L’article poursuit en affirmant que l’agression de Washington jette les bases pour un axe Chine-Russie-Iran qui « contraindrait l’Occident à poursuivre une politique étrangère plus agressive [c’est-à-dire de guerre] afin de sécuriser son accès aux importantes matières premières de plus en plus rares comme le pétrole. » En opposition à cela, le commentaire insiste pour dire que les intérêts indépendants de l’Allemagne consistent en une « préservation et [un] approfondissement des relations de l’Europe avec la Russie, » et dans le maintien de liens identiques avec l’Iran.

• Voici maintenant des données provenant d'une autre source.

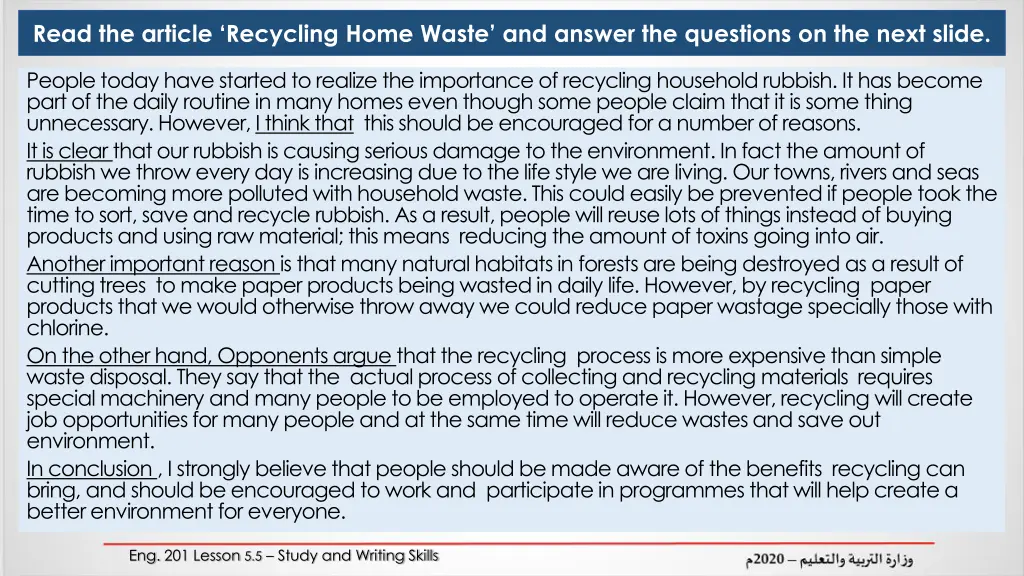 read the article recycling home waste and answer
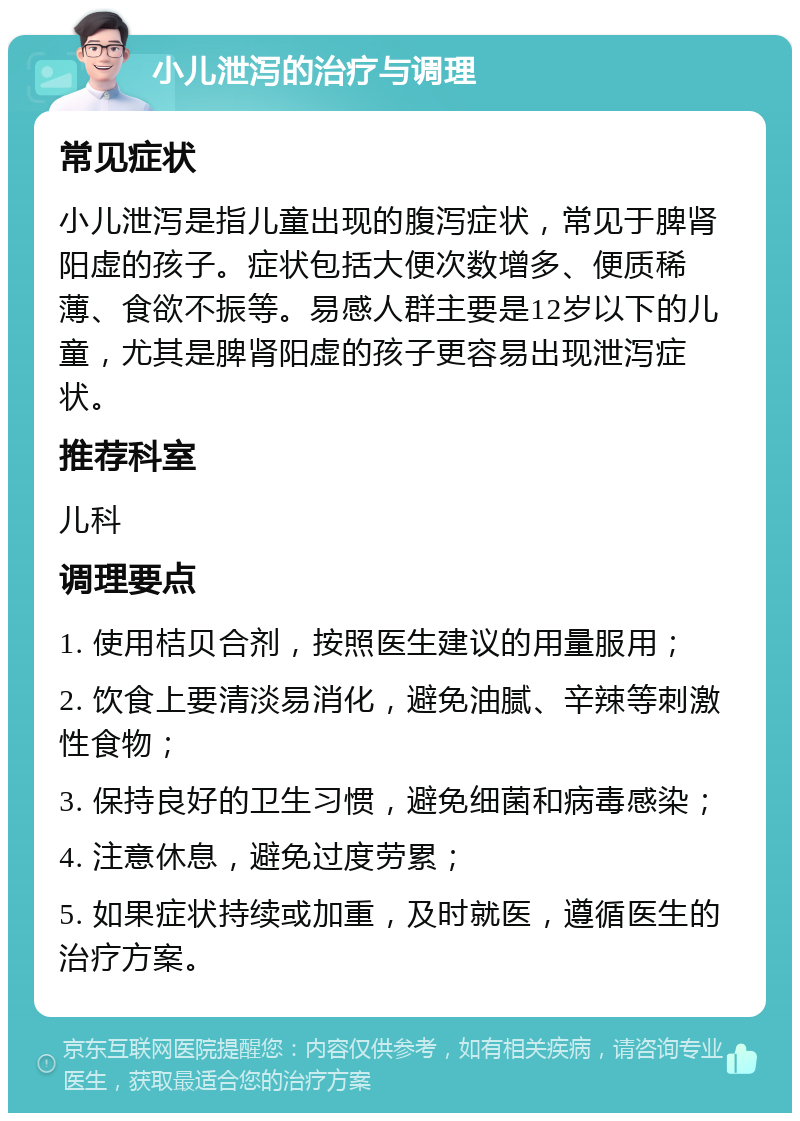 小儿泄泻的治疗与调理 常见症状 小儿泄泻是指儿童出现的腹泻症状，常见于脾肾阳虚的孩子。症状包括大便次数增多、便质稀薄、食欲不振等。易感人群主要是12岁以下的儿童，尤其是脾肾阳虚的孩子更容易出现泄泻症状。 推荐科室 儿科 调理要点 1. 使用桔贝合剂，按照医生建议的用量服用； 2. 饮食上要清淡易消化，避免油腻、辛辣等刺激性食物； 3. 保持良好的卫生习惯，避免细菌和病毒感染； 4. 注意休息，避免过度劳累； 5. 如果症状持续或加重，及时就医，遵循医生的治疗方案。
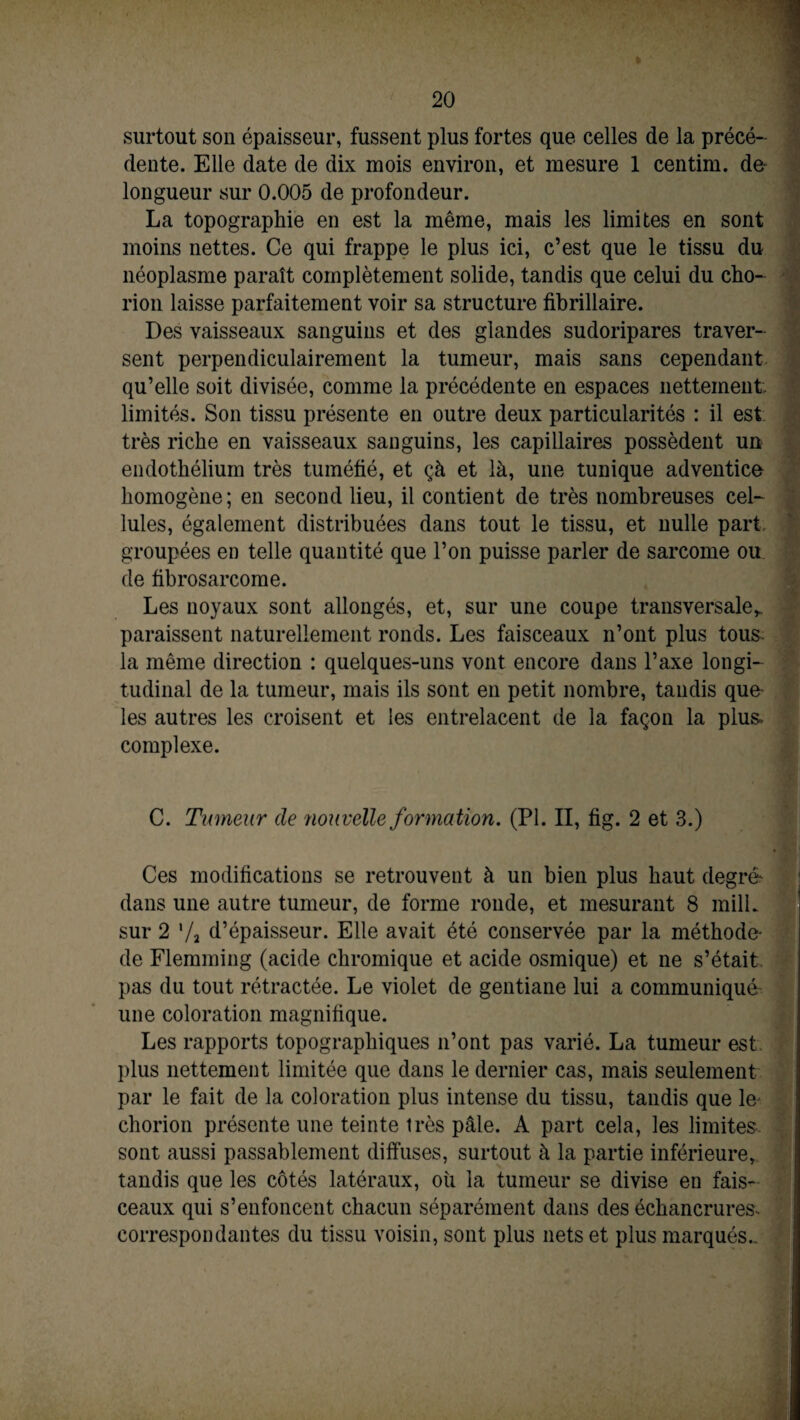 surtout son épaisseur, fussent plus fortes que celles de la précé¬ dente. Elle date de dix mois environ, et mesure 1 centim. de longueur sur 0.005 de profondeur. La topographie en est la même, mais les limites en sont moins nettes. Ce qui frappe le plus ici, c’est que le tissu du néoplasme paraît complètement solide, tandis que celui du cho- rion laisse parfaitement voir sa structure fibrillaire. Des vaisseaux sanguins et des glandes sudoripares traver¬ sent perpendiculairement la tumeur, mais sans cependant qu’elle soit divisée, comme la précédente en espaces nettement, limités. Son tissu présente en outre deux particularités : il est très riche en vaisseaux sanguins, les capillaires possèdent un endothélium très tuméfié, et çà et là, une tunique adventice homogène; en second lieu, il contient de très nombreuses cel¬ lules, également distribuées dans tout le tissu, et nulle part groupées en telle quantité que l’on puisse parler de sarcome ou de fibrosarcome. Les noyaux sont allongés, et, sur une coupe transversaler. paraissent naturellement ronds. Les faisceaux n’ont plus tous- la même direction : quelques-uns vont encore dans l’axe longi¬ tudinal de la tumeur, mais ils sont en petit nombre, taudis que' les autres les croisent et les entrelacent de la façon la plus, complexe. C. Tumeur de 'nouvelle formation. (PI. II, fig. 2 et 3.) Ces modifications se retrouvent à un bien plus haut degré dans une autre tumeur, de forme ronde, et mesurant 8 milL sur 2 '/a d’épaisseur. Elle avait été conservée par la méthode* de Flemming (acide chromique et acide osmique) et ne s’était pas du tout rétractée. Le violet de gentiane lui a communiqué une coloration magnifique. Les rapports topographiques n’ont pas varié. La tumeur est plus nettement limitée que dans le dernier cas, mais seulement par le fait de la coloration plus intense du tissu, tandis que le* chorion présente une teinte très pâle. A part cela, les limites sont aussi passablement diffuses, surtout à la partie inférieure, tandis que les côtés latéraux, où la tumeur se divise en fais¬ ceaux qui s’enfoncent chacun séparément dans des échancrures* correspondantes du tissu voisin, sont plus nets et plus marqués..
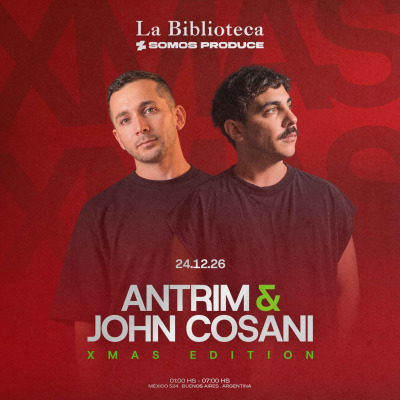 Flyer de Jueves 24 de Diciembre (Xmas edition) ANTRIM & JOHN COSANI @LaBiblioteca x Somos Produce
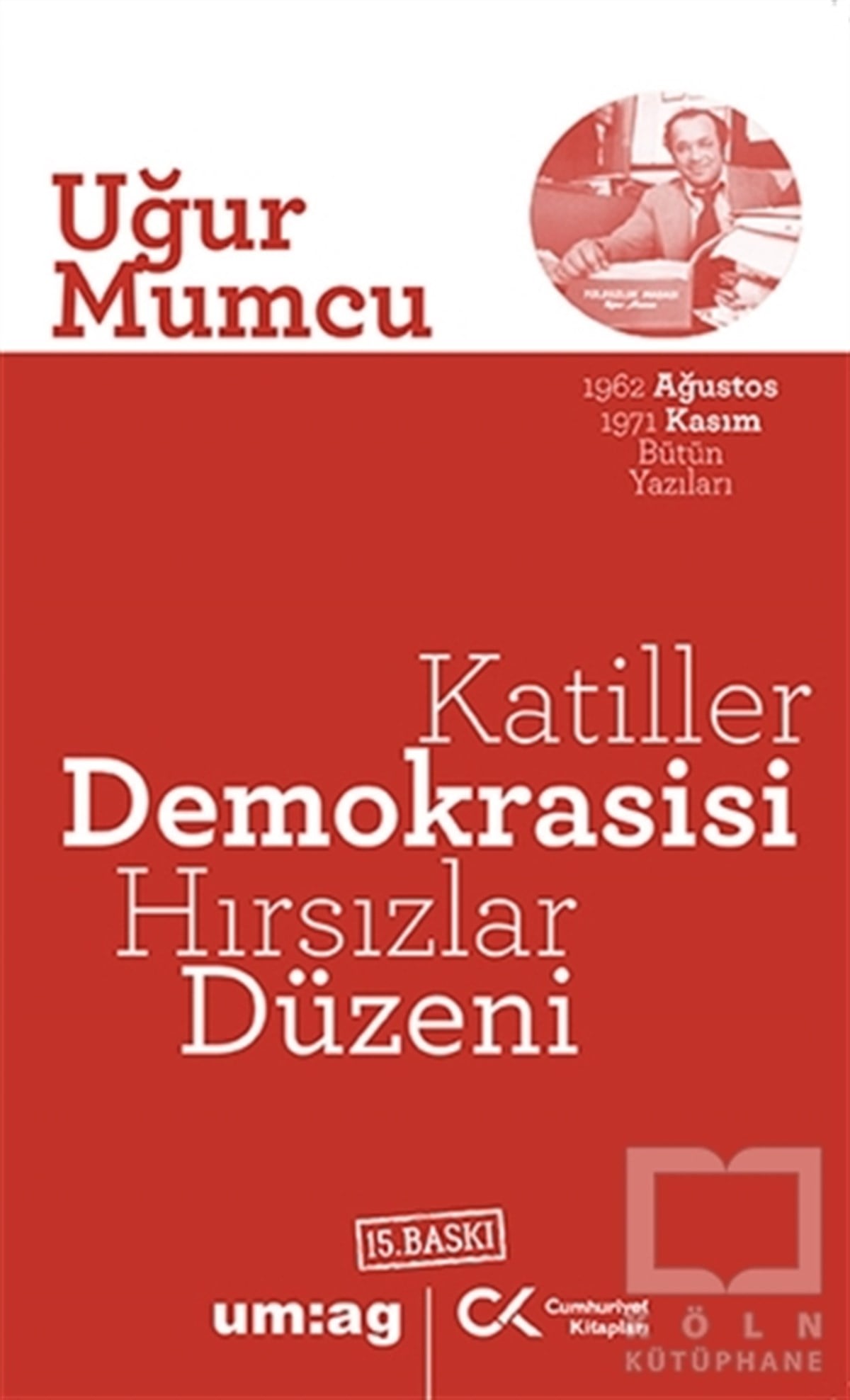 Uğur MumcuTürkiye Siyaseti ve Politikası KitaplarıKatiller Demokrasisi Hırsızlar Düzeni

La menace d’une nouvelle guerre mondiale réside non seulement dans les confrontations qui sont attisées par l’impérialisme américain contre la Russie et la Chine, mais aussi dans les intérêts impérialistes contradictoires de l’Europe et de l’Amérique et qui, sous les coups d’une crise économique et financière persistante, risquent d’être transformés en un conflit féroce de tous contre tous.

Une fois de plus, pour la troisième fois en un siècle, l’humanité est confrontée à la menace d’un conflit impérialiste mondial – un conflit bien plus terrible que ceux qui ont débuté en 1914 et en 1939 – et au choix entre le socialisme et la barbarie.

Il n’y a aucun moyen de stopper une nouvelle guerre impérialiste en dehors d’une révolution socialiste internationale. La question décisive est celle de la mise en place d’une nouvelle direction révolutionnaire au sein de la classe ouvrière par la construction du Comité International de la Quatrième Internationale.